Above is the vision I sell, every job. It's all they want from you - for you to take away their training worries so they can sleep soundly at night. Sod Gagnes or "Peterson's 8 Points of Interesting Learning", (OK, I made that one up because frankly, I never talk about such stuff...but they ALL want this, linked to the 3 points above.

There's also 7 words I always use when I have found out about what they want, and as long as you can expand on it, in some way that meets all of the above, it wins business, 95% of the time in my experience. What are they....?

"Well, you COULD do it that way."

You have just jumped from being a "supplier" to (potentially) adding value, and they will be your client for life. I can do this for hours :)  , but I won't. You have now got the products under your belt, but you needs SAL ES skills now - the same ones for being an ID, or selling teddy bears, or cakes. Go and get some "Solution Selling" , because you are now a sales person, and THEN an ID. Be a good sales person, and you will get the jobs.

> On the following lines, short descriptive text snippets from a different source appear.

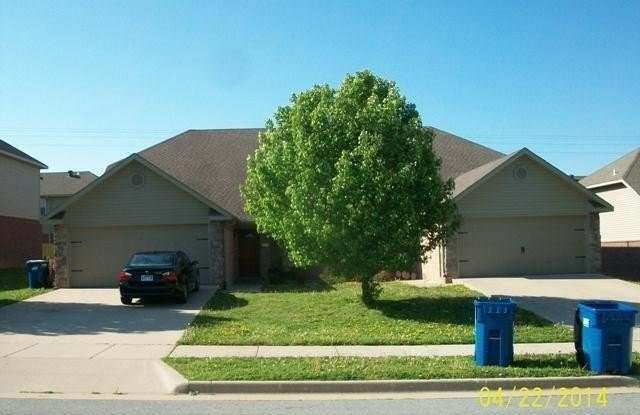 3103  SW Deerfield  BLVD Unit #1 photos photos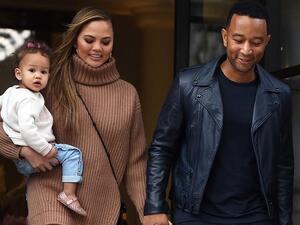 كريسي تيغن وجون ليجيند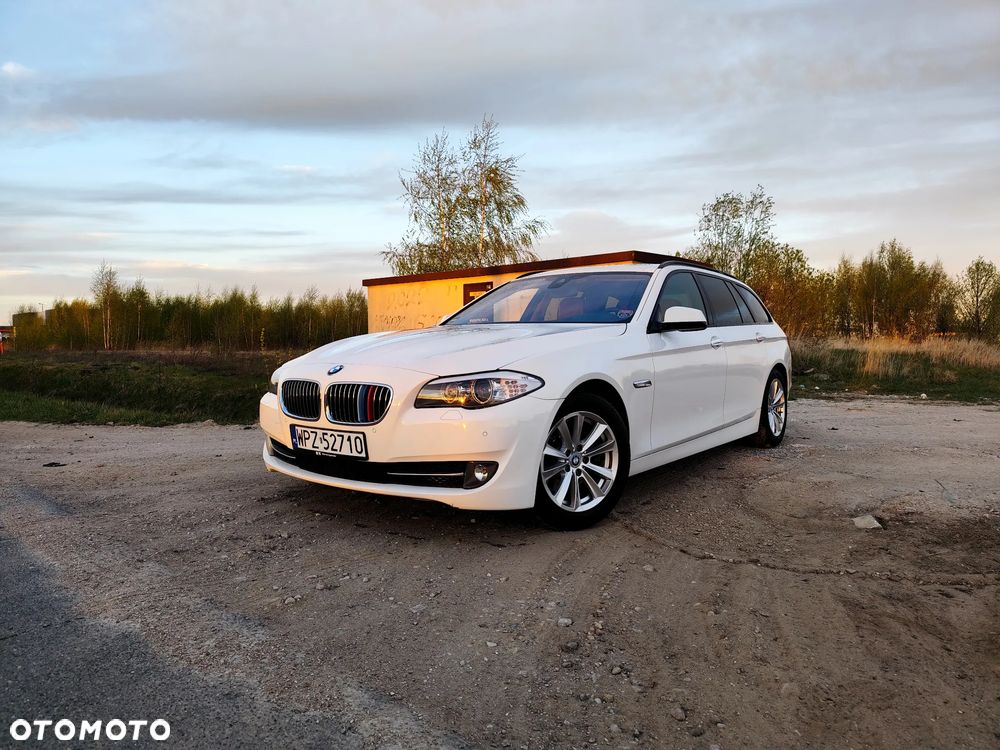 BMW Seria 5 520d - 25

If you do not believe this stuff, ask yourself this..have I made you question your reality in a convincing way, and made suggestions that your are going to follow? I hope so. If I did, it's because I sold to you, using the techniques I'm talking about, (adding value, FUD (Fear, Uncertainty and Doubt) and so on. Or...you could just keep on doing it without considering sales people and techniques.

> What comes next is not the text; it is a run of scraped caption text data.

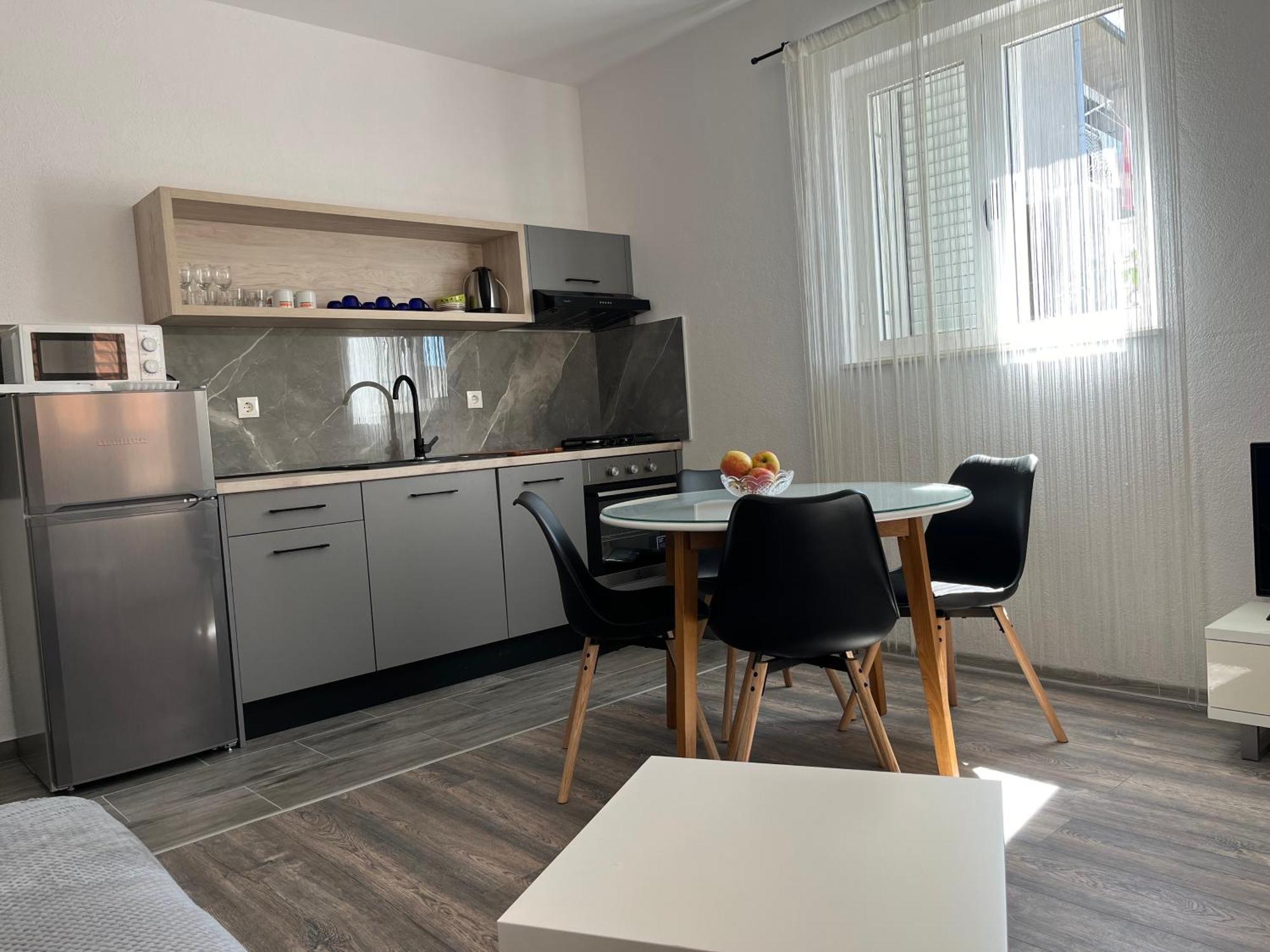 Apartment Makarska M&I, Free Private Parking Exterior photo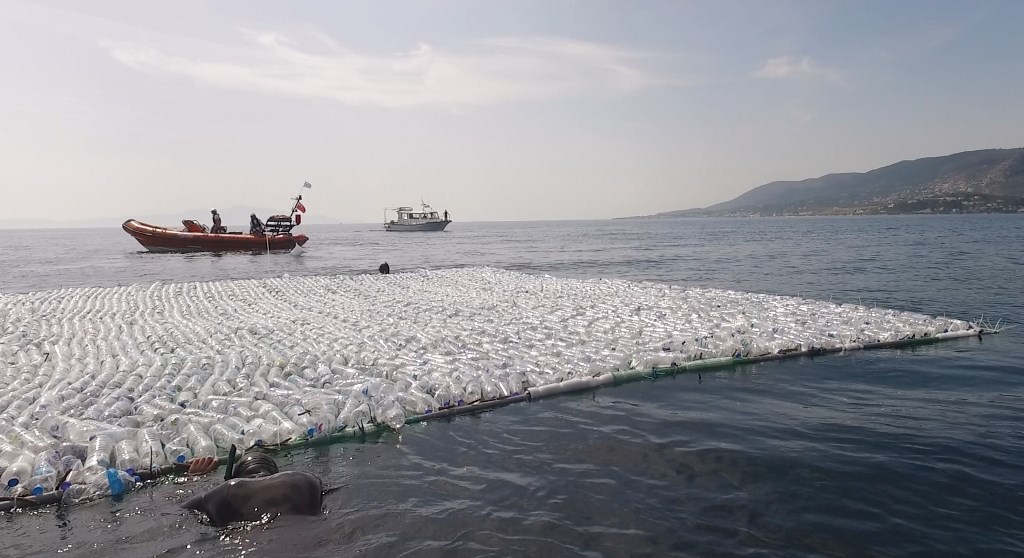 Πανεπιστήμιο Αιγαίου: Οι κυνηγοί των πλαστικών στις θάλασσες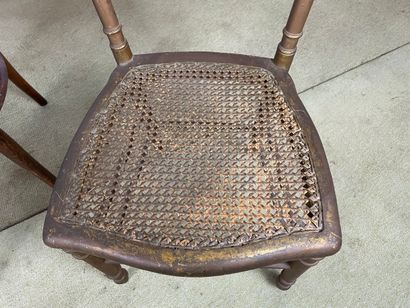 Lot de trois chaises en bois et cannage,...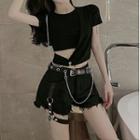 Cut Out Short-sleeve T-shirt / Rip Denim Shorts / Belt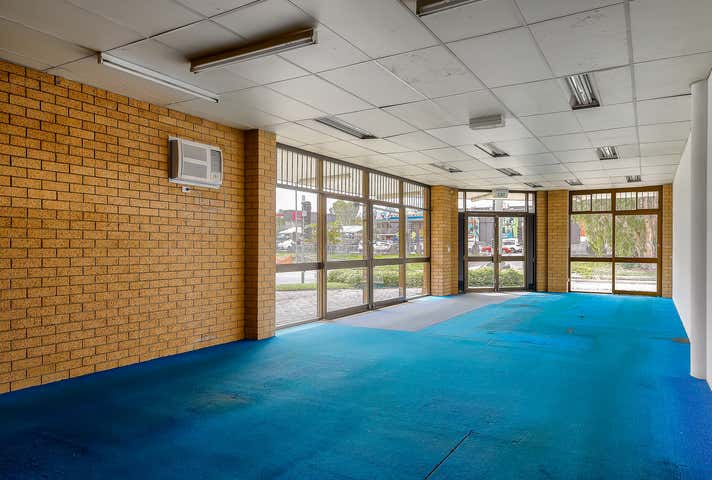 1/290 Dawson Parade Arana Hills QLD 4054 - Image 2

Good luck, oh, and I use this one a lot too, (see "Disruptive Selling", taught to me by a serial-entrepreneur and serial-millionaire).

Bruce

Bob S

Thanks, Bruce.... Reading down the thread and was just about to bring this back to the business need piece.  In my humble opinion, it seems we IDs can sometimes get so passionate about our craft, our learners, etc that we forget who really is hiring us and why.  

A helpful mantra - "We exist to fulfill a business need, or we don't exist at all".

We are most valuable when we can clearly connect the needs of the business with learning solutions we have to offer. This is why it's important to always be thinking with two minds; learner-centric and business-centric.

Bruce Graham

I agree completely, but I think the mistake that jobbing IDs often make goes further than that. They think that just understanding "...the training business..." is enough. It's not, it's the REST of "the business" they need to understand. We are a supplier, and if we don't really understand the business details of the people to whom we supply, we'll fail.